** INFORMATION PROVIDED follows **

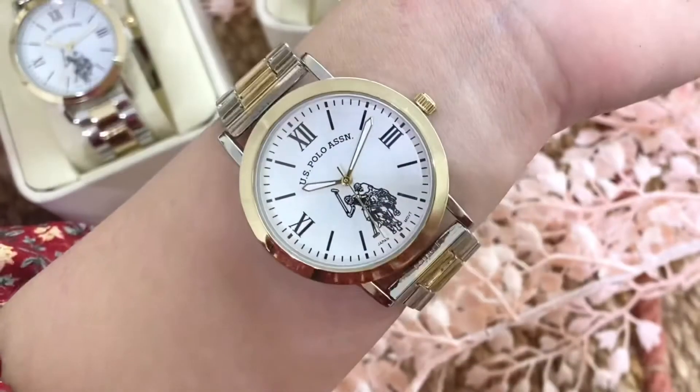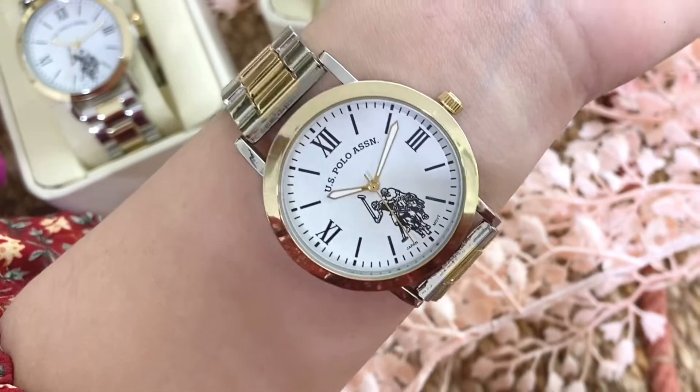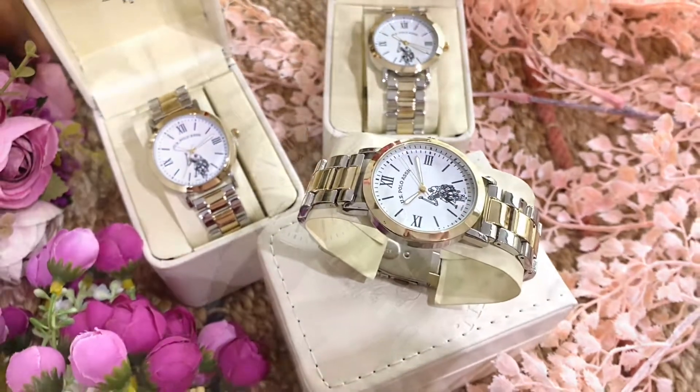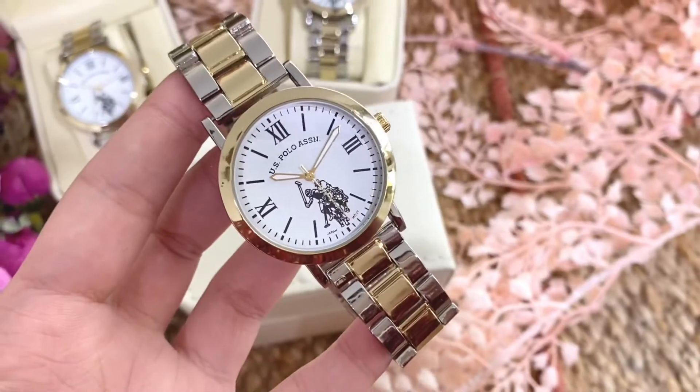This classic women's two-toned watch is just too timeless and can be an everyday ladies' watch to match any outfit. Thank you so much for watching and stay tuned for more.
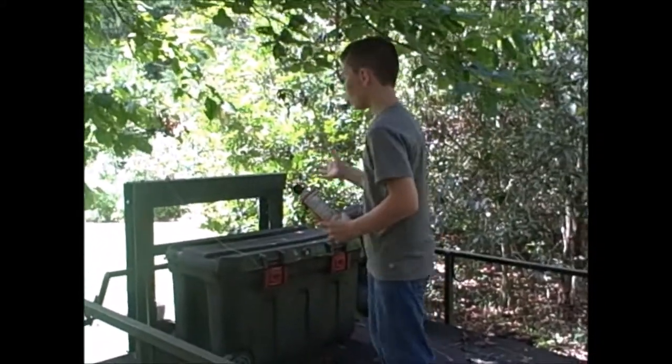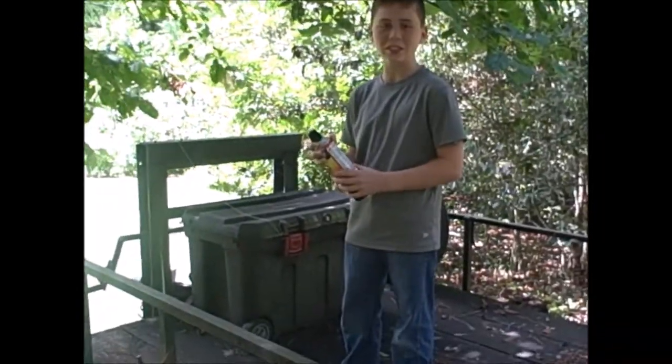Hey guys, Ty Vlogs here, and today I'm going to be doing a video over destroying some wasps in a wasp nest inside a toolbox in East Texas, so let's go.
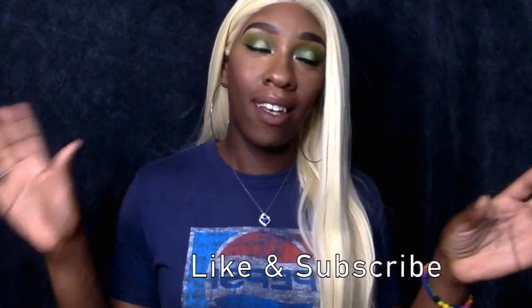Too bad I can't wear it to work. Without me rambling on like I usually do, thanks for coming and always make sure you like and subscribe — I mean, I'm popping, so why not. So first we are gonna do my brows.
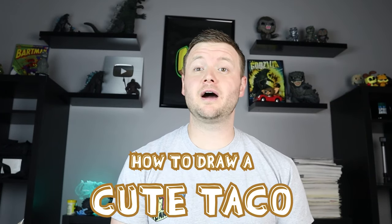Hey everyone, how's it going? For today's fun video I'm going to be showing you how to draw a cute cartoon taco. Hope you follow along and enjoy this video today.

** End of INFORMATION PROVIDED **

TASK TO CARRY OUT: What you give back must be exactly the lines of the listing above from the line containing "Too bad I can't" through its last line, inclusive, without pictures, please.

REPLY:
Too bad I can't wear it to work. Without me rambling on like I usually do, thanks for coming and always make sure you like and subscribe — I mean, I'm popping, so why not. So first we are gonna do my brows.
Hey everyone, how's it going? For today's fun video I'm going to be showing you how to draw a cute cartoon taco. Hope you follow along and enjoy this video today.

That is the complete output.